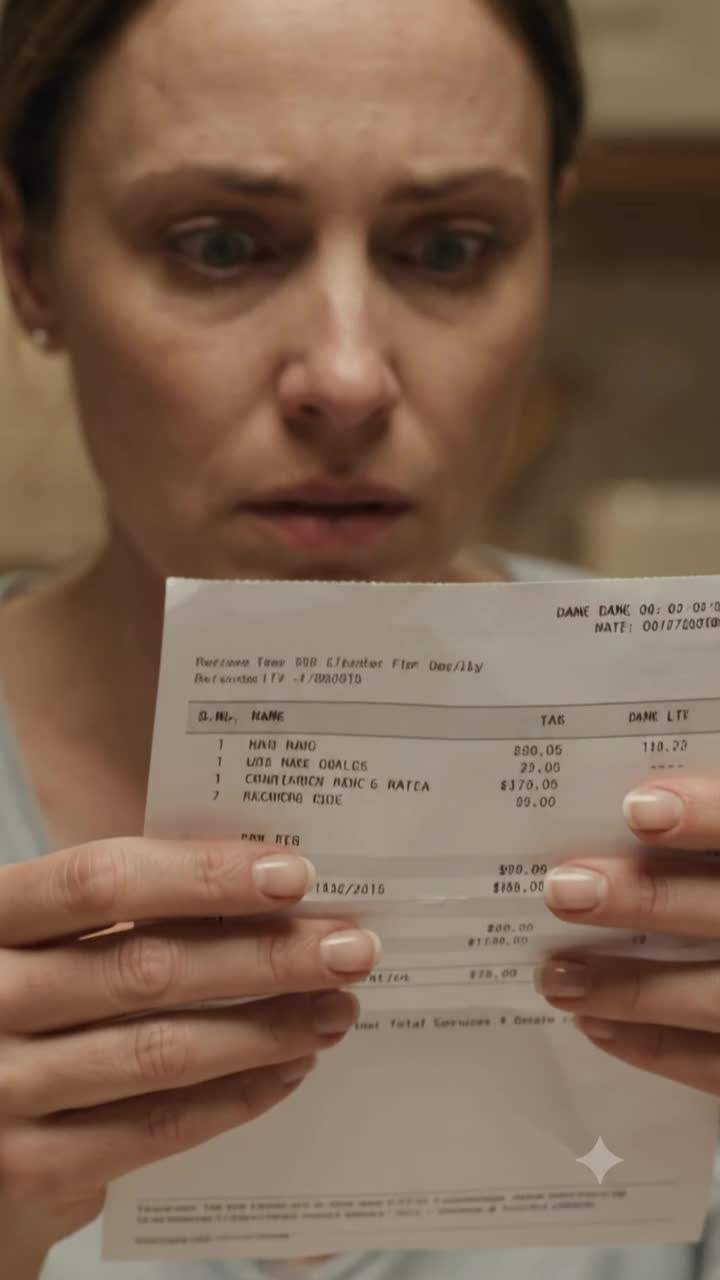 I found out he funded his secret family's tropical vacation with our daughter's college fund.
...
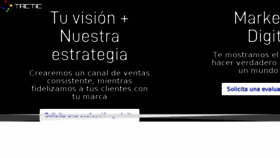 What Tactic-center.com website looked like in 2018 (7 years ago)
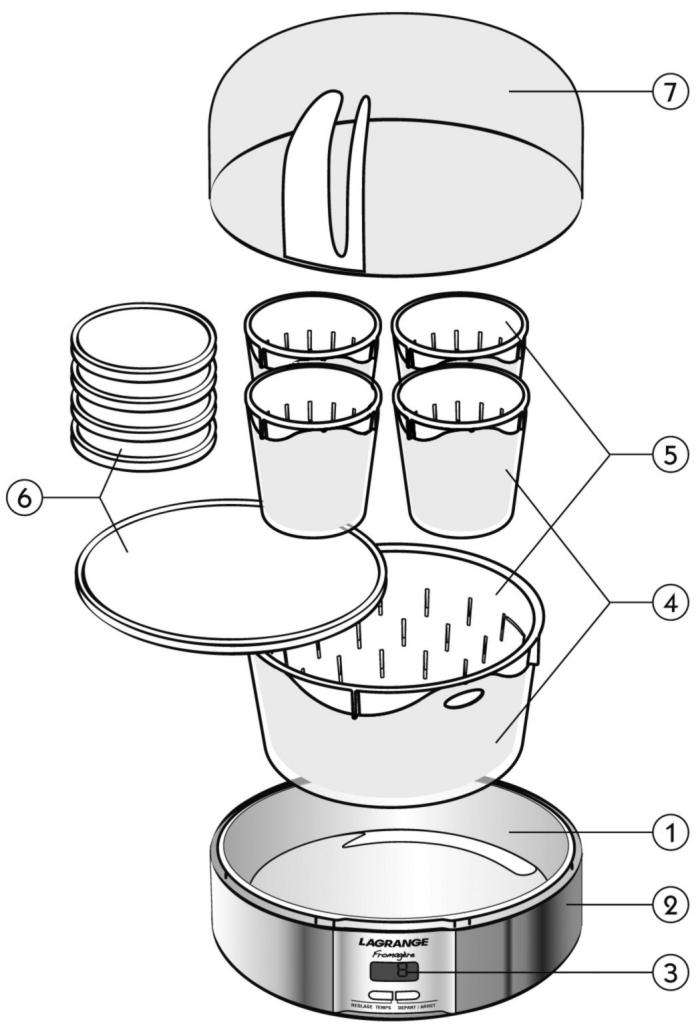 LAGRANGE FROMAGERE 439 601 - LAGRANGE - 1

◆ AIM OF THE TASK ◆
For this exercise, reproduce exactly the lines of the records above from the one with "What Tactic-center.com website" up to and including the one with "LAGRANGE FROMAGERE 439 601 - LAGRANGE - 1", without pictures.

◆ RESULT ◆
 What Tactic-center.com website looked like in 2018 (7 years ago)
 LAGRANGE FROMAGERE 439 601 - LAGRANGE - 1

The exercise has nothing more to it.